Closed wingzero54 closed 3 years ago
What happens if we reduce the ram even more, to like 20-24gb? This would result in GC pauses happening more often, but being shorter. If the ram is being shorter, the pauses should be short enough as to be unnoticeable.
I don't think it would work, the server regularly pushes upwards of 12gb of ram into old gen, which means something is using very large amounts of ram. Considering regular minecraft servers recommend 10 players per 1gb of ram, we have plugins using gigantic amounts of ram. Shortening it would cause GC to occur more frequently, but it would still cause lag spikes, just more small ones instead of less big ones
To expand on the thought of reducing the RAM, what I've always heard is that java's GC doesn't work well having a large abundance of RAM. If it has an abundance, it will get "lazy" and will stop freeing memory. It then will eventually reach the upper limit of the RAM it was given, and then have to do a massive stop the world sweep.
So here's a couple examples with 52gb ram https://timings.aikar.co/?id=98637e51acbe4e718f8539463f02cf24 and https://timings.aikar.co/?id=5f4171dff38e4f8f82244914815993ab with one 7.3 second GC every 5 hours lets say (if I'm reading it correctly). Compared to the above, which is 4.7 second every 12 minutes. So the time to GC reduced by 35% while the time between GC reduce by 96%. I think that shows that even if we GC more often, the time it takes to do it each time is not reducing enough to eliminate the lag
Have you tried switching to ZGC (https://wiki.openjdk.java.net/display/zgc/Main) ? I experimented a bit with it a while ago and ran into some issues, but those should be fixable. I'd expect this to be the biggest improvement you can get in comparison to effort required.

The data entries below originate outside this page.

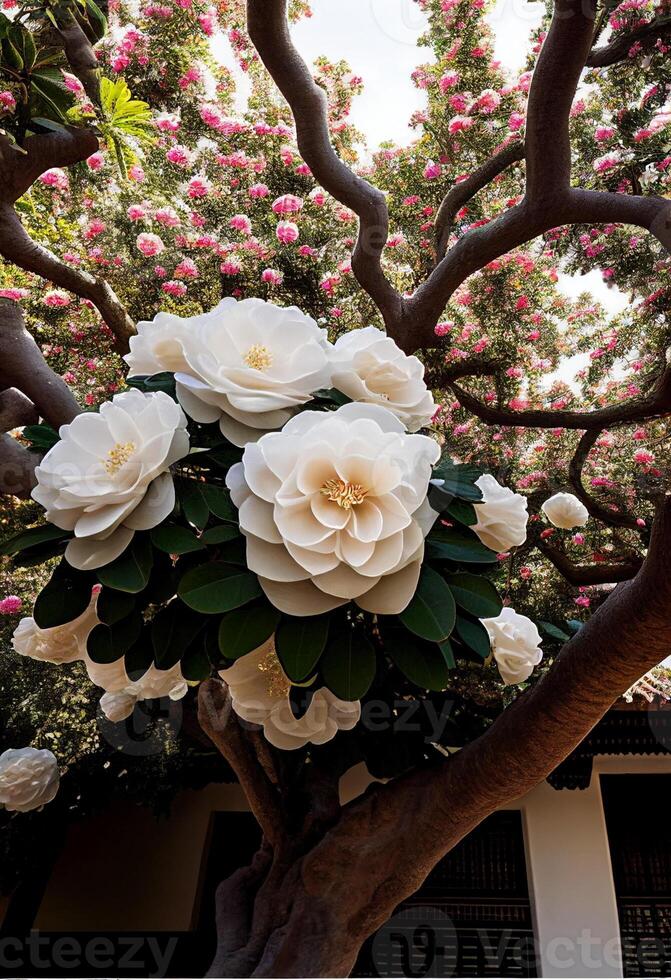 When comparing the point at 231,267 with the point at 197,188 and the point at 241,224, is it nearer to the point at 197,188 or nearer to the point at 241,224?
the point at 241,224

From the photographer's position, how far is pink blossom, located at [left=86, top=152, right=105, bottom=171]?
16.9ft

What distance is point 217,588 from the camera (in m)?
1.02

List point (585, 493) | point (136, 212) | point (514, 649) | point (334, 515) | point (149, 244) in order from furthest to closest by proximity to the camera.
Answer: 1. point (585, 493)
2. point (136, 212)
3. point (149, 244)
4. point (514, 649)
5. point (334, 515)

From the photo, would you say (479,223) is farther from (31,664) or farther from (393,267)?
(31,664)

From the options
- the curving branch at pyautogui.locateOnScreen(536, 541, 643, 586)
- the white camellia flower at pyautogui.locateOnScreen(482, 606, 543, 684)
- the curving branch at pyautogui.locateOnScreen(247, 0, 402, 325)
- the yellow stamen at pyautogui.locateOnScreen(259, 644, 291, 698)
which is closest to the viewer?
the yellow stamen at pyautogui.locateOnScreen(259, 644, 291, 698)

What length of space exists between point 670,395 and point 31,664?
5139 millimetres

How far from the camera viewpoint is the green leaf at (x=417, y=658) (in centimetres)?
103

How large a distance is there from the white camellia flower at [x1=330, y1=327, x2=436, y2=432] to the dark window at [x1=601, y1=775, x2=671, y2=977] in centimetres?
665

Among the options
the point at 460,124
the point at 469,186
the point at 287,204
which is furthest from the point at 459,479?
the point at 460,124

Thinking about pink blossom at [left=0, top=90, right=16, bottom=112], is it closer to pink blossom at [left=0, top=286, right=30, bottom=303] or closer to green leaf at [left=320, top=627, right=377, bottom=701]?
pink blossom at [left=0, top=286, right=30, bottom=303]

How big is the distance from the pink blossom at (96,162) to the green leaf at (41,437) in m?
4.21

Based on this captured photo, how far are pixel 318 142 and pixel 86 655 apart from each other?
2.92 metres

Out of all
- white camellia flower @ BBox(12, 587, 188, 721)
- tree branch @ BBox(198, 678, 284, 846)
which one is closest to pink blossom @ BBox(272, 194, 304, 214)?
tree branch @ BBox(198, 678, 284, 846)

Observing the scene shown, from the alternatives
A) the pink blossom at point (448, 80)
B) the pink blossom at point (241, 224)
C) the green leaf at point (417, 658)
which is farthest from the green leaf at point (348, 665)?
the pink blossom at point (448, 80) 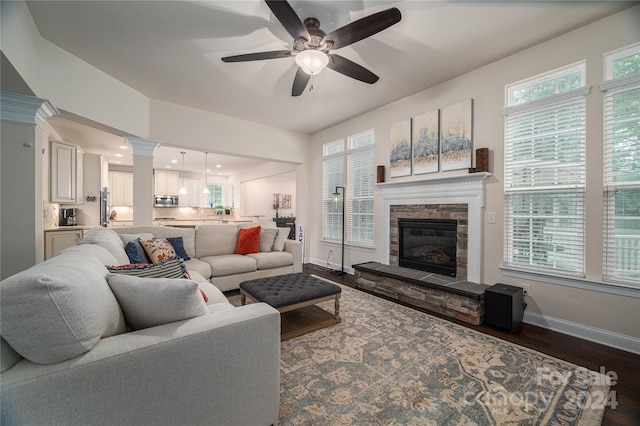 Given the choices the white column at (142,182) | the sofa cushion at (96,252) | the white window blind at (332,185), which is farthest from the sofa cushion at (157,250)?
the white window blind at (332,185)

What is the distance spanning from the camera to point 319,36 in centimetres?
220

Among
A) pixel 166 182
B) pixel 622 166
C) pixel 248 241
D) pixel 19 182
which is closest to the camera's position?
pixel 622 166

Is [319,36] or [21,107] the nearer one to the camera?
[319,36]

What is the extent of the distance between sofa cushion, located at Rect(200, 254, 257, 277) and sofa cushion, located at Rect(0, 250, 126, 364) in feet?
8.42

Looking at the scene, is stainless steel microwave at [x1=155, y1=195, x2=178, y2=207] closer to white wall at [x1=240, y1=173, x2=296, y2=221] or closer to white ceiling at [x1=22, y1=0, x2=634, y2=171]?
white wall at [x1=240, y1=173, x2=296, y2=221]

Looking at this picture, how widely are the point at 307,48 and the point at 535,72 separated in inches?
99.1

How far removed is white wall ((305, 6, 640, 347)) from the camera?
7.64 feet

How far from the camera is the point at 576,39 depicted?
8.39ft

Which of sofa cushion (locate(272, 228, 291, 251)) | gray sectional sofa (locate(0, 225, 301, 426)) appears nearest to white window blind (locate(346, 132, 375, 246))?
sofa cushion (locate(272, 228, 291, 251))

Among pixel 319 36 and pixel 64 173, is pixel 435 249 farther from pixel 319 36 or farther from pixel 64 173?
pixel 64 173

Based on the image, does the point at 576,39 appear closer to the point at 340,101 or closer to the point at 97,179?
the point at 340,101

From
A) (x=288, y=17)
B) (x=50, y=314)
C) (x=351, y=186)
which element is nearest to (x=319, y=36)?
(x=288, y=17)

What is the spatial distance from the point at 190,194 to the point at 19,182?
6.97 metres

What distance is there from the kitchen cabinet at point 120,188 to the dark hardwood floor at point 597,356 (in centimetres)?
904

Debugging memory consumption past that would require analyzing a memory dump of the running server (last time I tried making one of those it killed the server, so careful), which contains all kinds of sensitive information (not only ingame stuff, but also database passwords, tokens etc.), so the list of people who could do that is not too long.
That being said, why would we run on only 32 GB of RAM? Seems like too little for our use case.
Just a test to see how the old gen GC would respond, and it still took longer than expected each time. We may be able to do a memory dump now, the new server hardware is much beefier
Can you take a memory snapshot and see what types of objects are using the most RAM?
So here's before, during, after an old gen GC, roughly https://spark.lucko.me/71jp1mwAQw https://spark.lucko.me/dmtA2CngXX https://spark.lucko.me/0Lmp9USC6a
At 70 players, the server is clearing 20gb out of young gen memory every minute with 70-100ms each, and doing old gen gc every 10 minutes at 7 seconds. So memory usage and GC take a big strain on the server at high player count. Here's a timings (the big spike is my heap dump summary running I think) https://timings.aikar.co/?id=f295700033954eceb8a3ba90c3fa8791
I don't know if it's related, but CMC sometimes throws constant thread dumps which also lock up the server. May or may not be related to RAM usage. See #99
Looks like ZGC was only initially released on JDK11 and it has gotten a lot of improvements over time to JDK16. So I suggest we wait to try ZGC until we move to Java 16, as on Test ZGC is much rougher than G1GC with Java11
This issue with Old Gen GC was entirely due to keeping jukealert logs in memory and was resolved by removing the logs from memory
I lowered ram from 52gb to 32gb and it revealed that old gen GC is a big problem. Every time it runs it's a guaranteed 7 second lag spike. At 52gb of ram it runs every several hours, at 32gb of ram old gen GC runs every few minutes.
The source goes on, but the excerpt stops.